◆ **REQUIRED WORK**: Go over each line of the entries below, count those with "Figure", and give only the count.

◆ **RECORD EXCERPTS**:
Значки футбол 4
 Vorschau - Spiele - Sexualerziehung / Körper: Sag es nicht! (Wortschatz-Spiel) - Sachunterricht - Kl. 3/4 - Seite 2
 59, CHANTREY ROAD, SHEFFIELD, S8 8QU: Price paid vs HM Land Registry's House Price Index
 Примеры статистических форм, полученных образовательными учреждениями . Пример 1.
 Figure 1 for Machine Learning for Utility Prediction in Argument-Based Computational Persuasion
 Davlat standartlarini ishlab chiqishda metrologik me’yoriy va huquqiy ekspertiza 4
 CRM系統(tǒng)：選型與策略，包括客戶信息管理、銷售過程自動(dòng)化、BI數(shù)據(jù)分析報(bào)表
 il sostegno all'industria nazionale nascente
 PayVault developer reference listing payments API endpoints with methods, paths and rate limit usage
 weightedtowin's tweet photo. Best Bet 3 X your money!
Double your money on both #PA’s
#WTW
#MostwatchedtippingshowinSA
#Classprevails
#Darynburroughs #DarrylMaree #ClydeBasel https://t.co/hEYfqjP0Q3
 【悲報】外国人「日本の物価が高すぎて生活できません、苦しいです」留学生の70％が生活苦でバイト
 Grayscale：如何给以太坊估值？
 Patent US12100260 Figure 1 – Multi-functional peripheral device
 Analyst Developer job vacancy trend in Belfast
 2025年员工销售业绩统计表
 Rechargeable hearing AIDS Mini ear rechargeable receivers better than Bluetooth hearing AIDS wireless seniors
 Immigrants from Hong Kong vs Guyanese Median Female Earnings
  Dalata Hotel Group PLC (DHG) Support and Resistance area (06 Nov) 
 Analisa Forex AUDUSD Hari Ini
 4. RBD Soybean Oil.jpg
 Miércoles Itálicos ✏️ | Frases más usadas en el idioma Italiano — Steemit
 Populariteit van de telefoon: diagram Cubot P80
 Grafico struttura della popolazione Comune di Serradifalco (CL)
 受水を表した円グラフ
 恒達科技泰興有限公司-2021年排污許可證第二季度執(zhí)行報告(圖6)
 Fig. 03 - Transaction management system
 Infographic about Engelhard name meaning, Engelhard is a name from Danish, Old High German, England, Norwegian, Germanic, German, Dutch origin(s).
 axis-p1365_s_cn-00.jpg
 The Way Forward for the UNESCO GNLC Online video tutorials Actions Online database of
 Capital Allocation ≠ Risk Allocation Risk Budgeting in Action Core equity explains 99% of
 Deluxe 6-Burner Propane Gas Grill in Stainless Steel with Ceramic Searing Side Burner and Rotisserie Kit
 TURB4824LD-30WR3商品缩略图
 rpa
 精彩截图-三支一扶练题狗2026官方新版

◆ **REPLY TO THE TASK**: 2